*** Block opens ***

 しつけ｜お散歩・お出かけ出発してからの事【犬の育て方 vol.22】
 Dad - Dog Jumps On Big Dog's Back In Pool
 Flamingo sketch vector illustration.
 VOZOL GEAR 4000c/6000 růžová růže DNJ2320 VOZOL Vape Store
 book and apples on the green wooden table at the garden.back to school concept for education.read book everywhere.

*** Block closes ***
*** Block opens ***

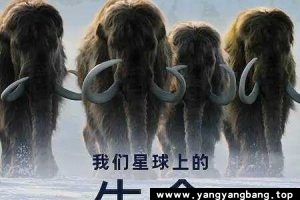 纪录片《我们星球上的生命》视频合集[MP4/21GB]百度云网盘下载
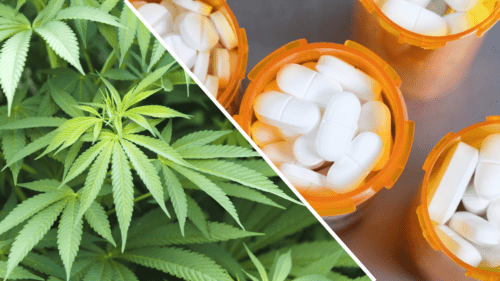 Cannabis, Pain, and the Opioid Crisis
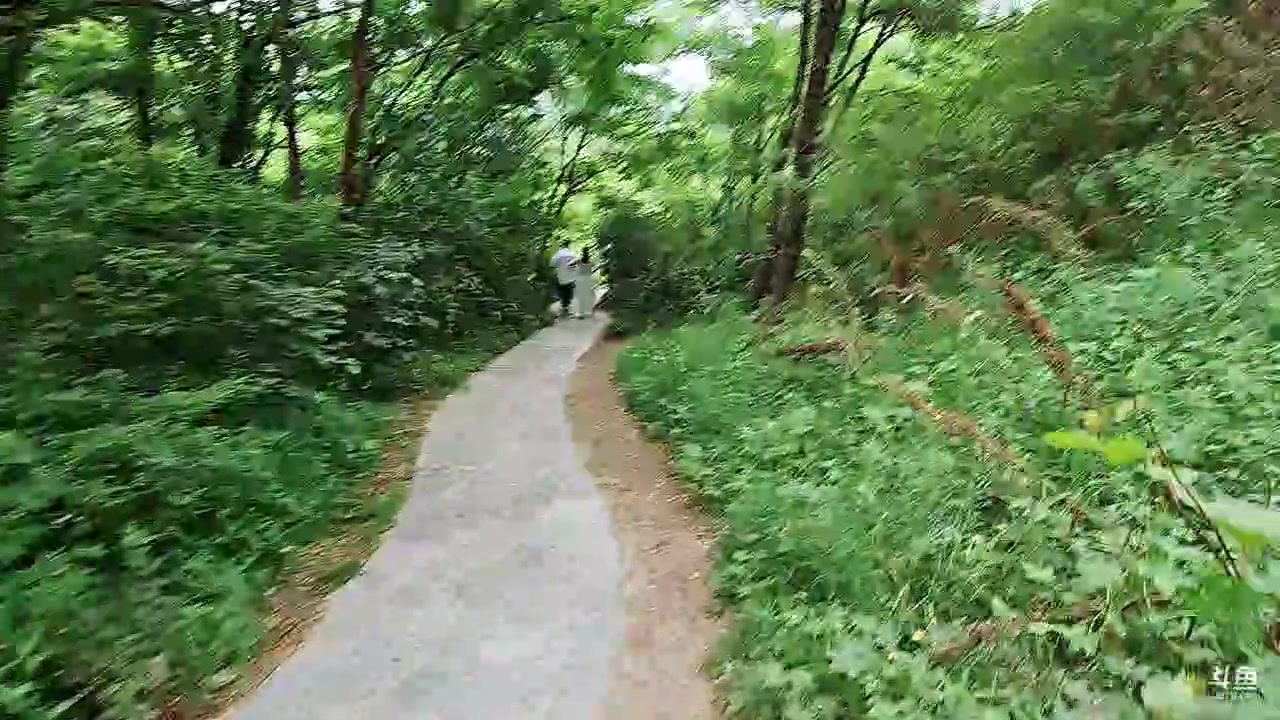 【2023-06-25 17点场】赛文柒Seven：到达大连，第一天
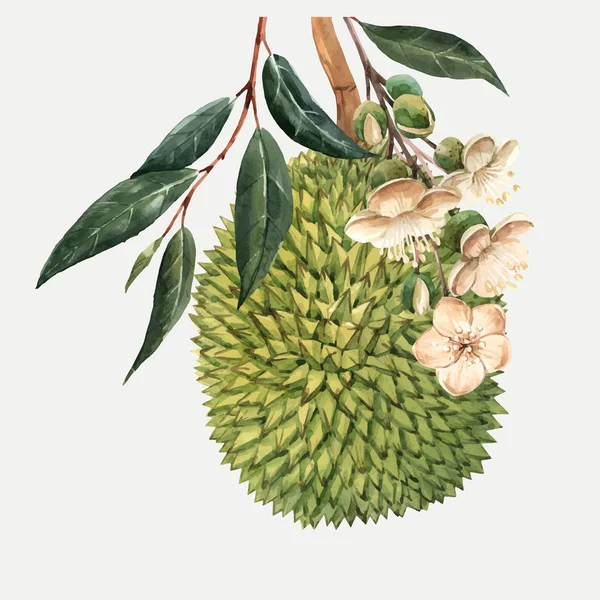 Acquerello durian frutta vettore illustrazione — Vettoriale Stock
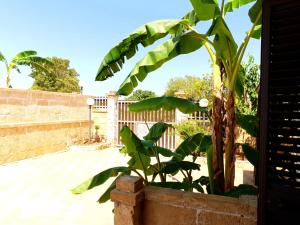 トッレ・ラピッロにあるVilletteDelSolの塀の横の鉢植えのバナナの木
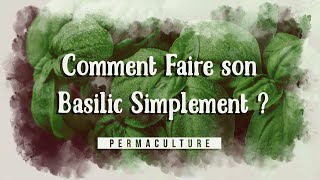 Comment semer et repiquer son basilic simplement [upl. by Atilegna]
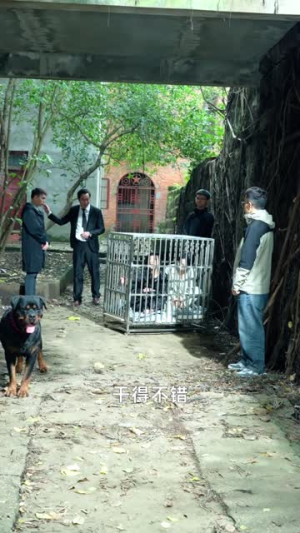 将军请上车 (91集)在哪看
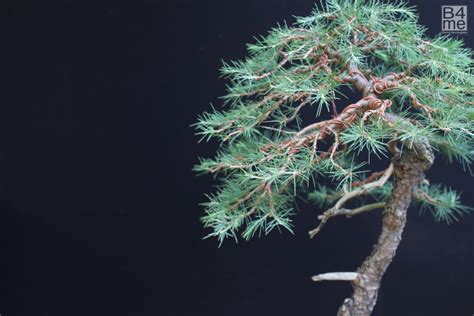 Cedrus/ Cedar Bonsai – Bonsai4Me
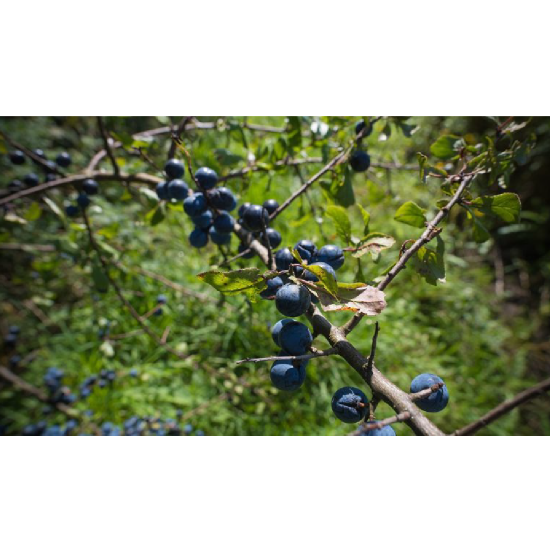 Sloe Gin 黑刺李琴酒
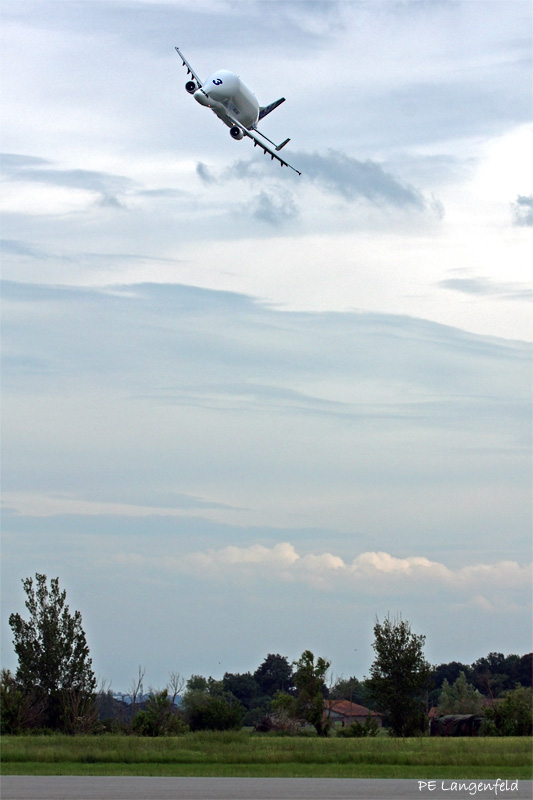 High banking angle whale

*** Block closes ***

YOUR OBJECTIVE = Your answer should be the lines of the listing above between the line holding "しつけ｜お散歩・お出かけ出発してからの事【犬の育て方 vol.22】" and the line holding "book and apples", inclusive, restated word for word and alone.

ANSWER SPACE =
 しつけ｜お散歩・お出かけ出発してからの事【犬の育て方 vol.22】
 Dad - Dog Jumps On Big Dog's Back In Pool
 Flamingo sketch vector illustration.
 VOZOL GEAR 4000c/6000 růžová růže DNJ2320 VOZOL Vape Store
 book and apples on the green wooden table at the garden.back to school concept for education.read book everywhere.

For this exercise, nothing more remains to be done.